Methods and results: Myocardial infarction swine (n = 8) underwent coronary balloon occlusion and survived for 30 days. We then performed endocardial unipolar, biphasic PFA of the MI border zone and a dense scar with electroanatomic mapping and using an irrigated contact force (CF)-sensing catheter with the CENTAURI System (Galaxy Medical). Lesion and biophysical characteristics were compared with three controls: MI swine undergoing thermal ablation, MI swine undergoing no ablation, and healthy swine undergoing similar PFA applications that included linear lesion sets. Tissues were systematically assessed by gross pathology utilizing 2,3,5-triphenyl-2H-tetrazolium chloride staining and histologically with haematoxylin and eosin and trichrome. Pulsed-field ablation in healthy myocardium generated well-demarcated ellipsoid lesions (7.2 ± 2.1 mm depth) with contraction band necrosis and myocytolysis. Pulsed-field ablation in MI demonstrated slightly smaller lesions (depth 5.3 ± 1.9 mm, P = 0.0002), and lesions infiltrated into the irregular scar border, resulting in contraction band necrosis and myocytolysis of surviving myocytes and extending to the epicardial border of the scar. Coagulative necrosis was present in 75% of thermal ablation controls but only in 16% of PFA lesions. Linear PFA resulted in contiguous linear lesions with no gaps in gross pathology. Neither CF nor local R-wave amplitude reduction correlated with lesion size.

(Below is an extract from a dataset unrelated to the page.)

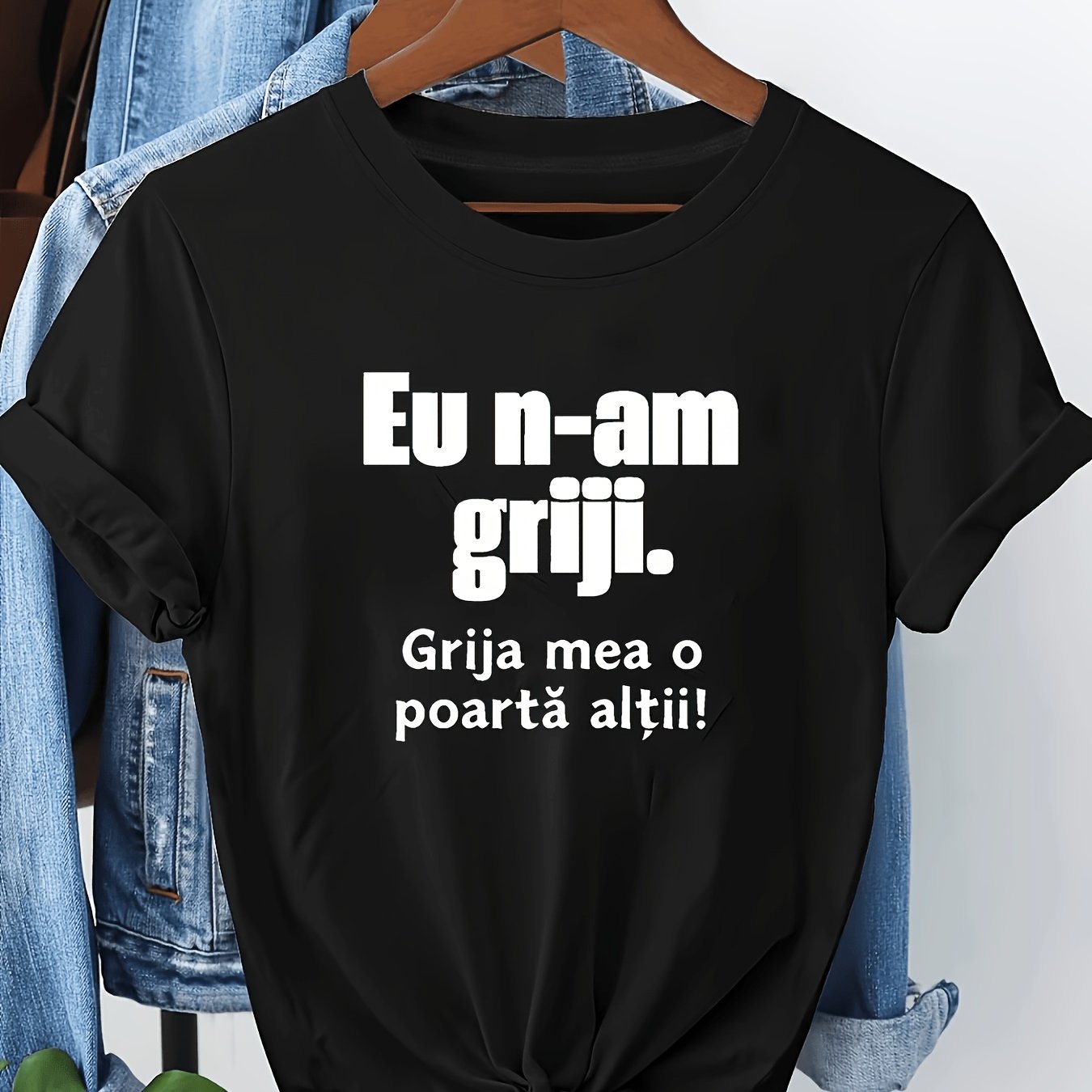 TEMU Women's Romanian T-shirt "eu N-am Griji" (i Have ) - Short Sleeve Crewneck Top With Lettering Print, Casual Streetwear Style Suitable For Daily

Conclusion: Pulsed-field ablation of a heterogeneous chronic MI scar effectively ablates surviving myocytes within and beyond the scar, demonstrating promise for the clinical ablation of scar-mediated ventricular arrhythmias.

Keywords: Catheter ablation; Pulsed-field ablation; Ventricular arrhythmia; Ventricular tachycardia.

Graphical Abstract

Figure 1

Gross pathology of focal (A) and linear (B) PFA. Linear lesion sets made in the anteroseptal LV endocardium (eight PFA applications, 4 cm long) and inferolateral LV endocardium (16 PFA applications, 5.2 cm long) had no visual gaps. LV, left ventricular; PFA, pulsed-field ablation.

Figure 2

Pulsed-field ablation of surviving myocytes within chronic subendocardial MI scar. The most apical PFA applications of scar BZ are demonstrated on gross pathology (A), electroanatomic mapping (B), sub-gross pathology with haematoxylin and eosin (C) and trichrome (D), and magnified histology demonstrating contraction band necrosis with oedema of surviving myocytes within scar (E and F). BZ, border zone; MI, myocardial infarction; PFA, pulsed-field ablation.

Figure 3

Pulsed-field ablation extends beyond chronic MI scar to its epicardial border. Pulsed-field ablation application at scar BZ is demonstrated on gross pathology (A), electroanatomic mapping (B), sub-gross pathology with haematoxylin and eosin (C) and trichrome (D), and magnified histology demonstrating contraction band necrosis and myocytolysis extending beyond the scar to its epicardial border (E). BZ, border zone; MI, myocardial infarction.

Figure 4

Cellular effects of PFA. Coagulative necrosis (left) was noted much more frequently with thermal ablation than with PFA. Contraction band necrosis and myocytolysis were not noted in chronic MI that was not ablated. PFA, pulsed-field ablation.